The moderator made several provocative points. For instance, he argued that the incidence of drug use among soldiers in Vietnam was no higher than among 19-26 year olds in the U.S. at that time. He also asserted that neither the antiwar movement nor the media had much impact on domestic opinion about the war. Rather, he claimed, the development of widespread disillusionment with the conflict was rooted in the Johnson Administration’s failure to demonstrate success in managing it: the generals could not show the public that we were winning.
In laying out the chronology of American involvement in Vietnam, the moderator maintained that the war was already lost by 1961, when it became clear that the Diem regime could not sustain itself; then, however, President Kennedy acted to bolster the Saigon government. And, the historian continued, the situation was even worse by late 1964, at which time the Viet Cong controlled 75% of South Vietnam; then, President Johnson decided to use the so-called “Gulf of Tonkin incident” to deepen American involvement still further.

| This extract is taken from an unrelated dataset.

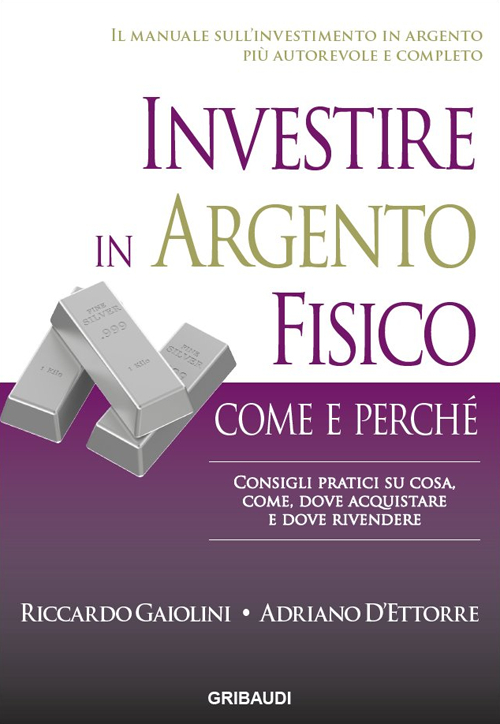 Investire in argento fisico. Consigli pratici su cosa, come, dove acquistare e dove rivendere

Another paper, on the antiwar movement in the South, started me to thinking about President Nixon’s decision to widen the war in 1970. The angry reaction of college students over the Cambodian “incursion” led to shootings at Kent State and Jackson State universities, which sparked protests at colleges throughout the nation, including on the usually placid southern campus where I was in graduate school. The faculty agreed to suspend classes and to hold “teach-ins” about the war instead. Students gathered in front of the main administration building and demanded that the university’s president express to Washington the outrage of our university community. When the president at last appeared, he announced that he had sent President Nixon a telegram deploring the invasion of Cambodia and the violence against American college students. (Yea!) Then, he told the crowd that he had signed the telegram as a private citizen, not as president of the university. (Boo!)
A third member of the panel, who spoke on the impact of the war on Southern fiction, used a bit of imagery I found arresting. The war was, he said, like a wound that is scabbed over but won’t heal; it’s the modern equivalent of the Civil War in Southern memory.

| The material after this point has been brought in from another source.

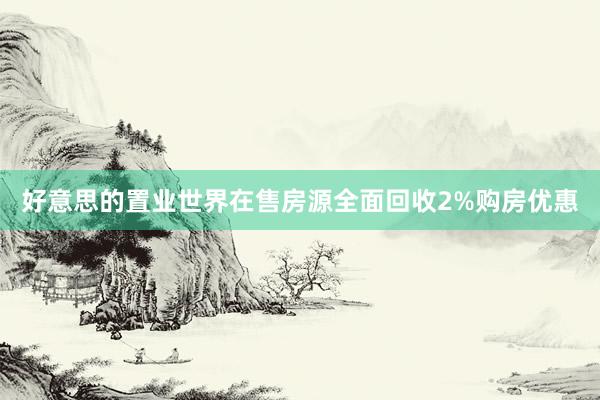 好意思的置业世界在售房源全面回收2%购房优惠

Like the “Requiem” exhibit I described last month, “On Dixie Station” revealed that it is possible to treat the Vietnam Era more or less dispassionately, as history, despite my personal difficulty in doing so. Two of the presenters looked too young to have strong memories of the war. Comments from the audience came either as questions or as personal reminiscences. While a couple of the latter, on the extent of drug use in Vietnam and on the effects of post-traumatic stress disorder, were truly scary, most of what the audience contributed was pretty prosaic.
No one defended the war as a “noble cause,” but neither did anyone go off on a rant about how “evil” it was. Most members of the audience seemed to be there for the same reason I was, to see whether “history,” as presented by the experts, squared with “autobiography,” past events as they themselves remembered them. And the answer is. . . ?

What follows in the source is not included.